[Start of Attachment]
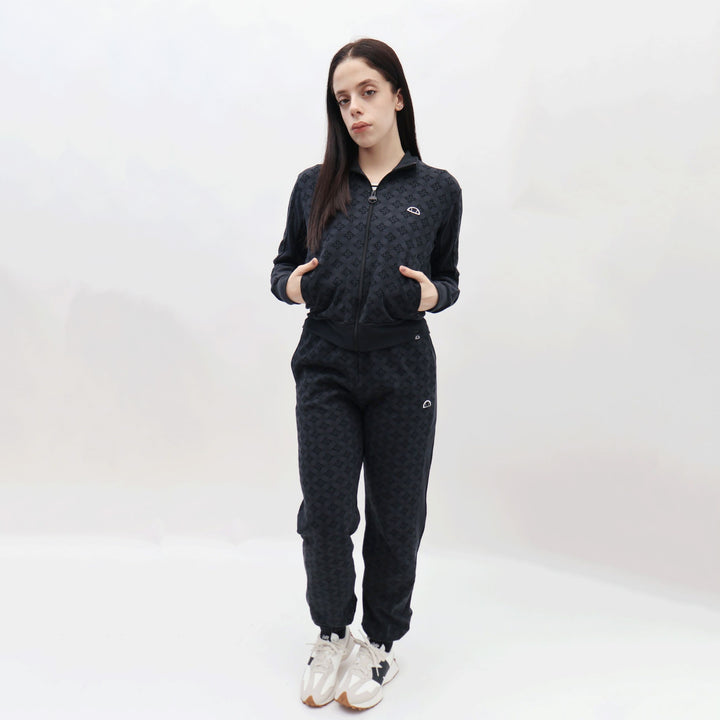 EHW319W25 - Pantaloni - Ellesse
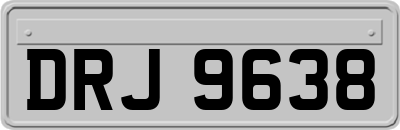 DRJ9638
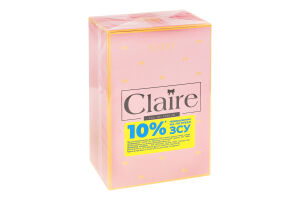 Вода парфюмированная Claire Elode 100мл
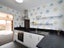4/21 MacMaster Street, Richmond, Invercargill - Carousel 3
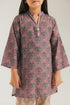 PRINTED SUIT (E1314/402/523 E1314/302/523)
[End of Attachment]
◆ What is needed ◆
Whenever a picture appears, leave it out, and return every record exactly.

◆ Completed exercise ◆
 EHW319W25 - Pantaloni - Ellesse
 DRJ9638
 Вода парфюмированная Claire Elode 100мл
4/21 MacMaster Street, Richmond, Invercargill - Carousel 3
 PRINTED SUIT (E1314/402/523 E1314/302/523)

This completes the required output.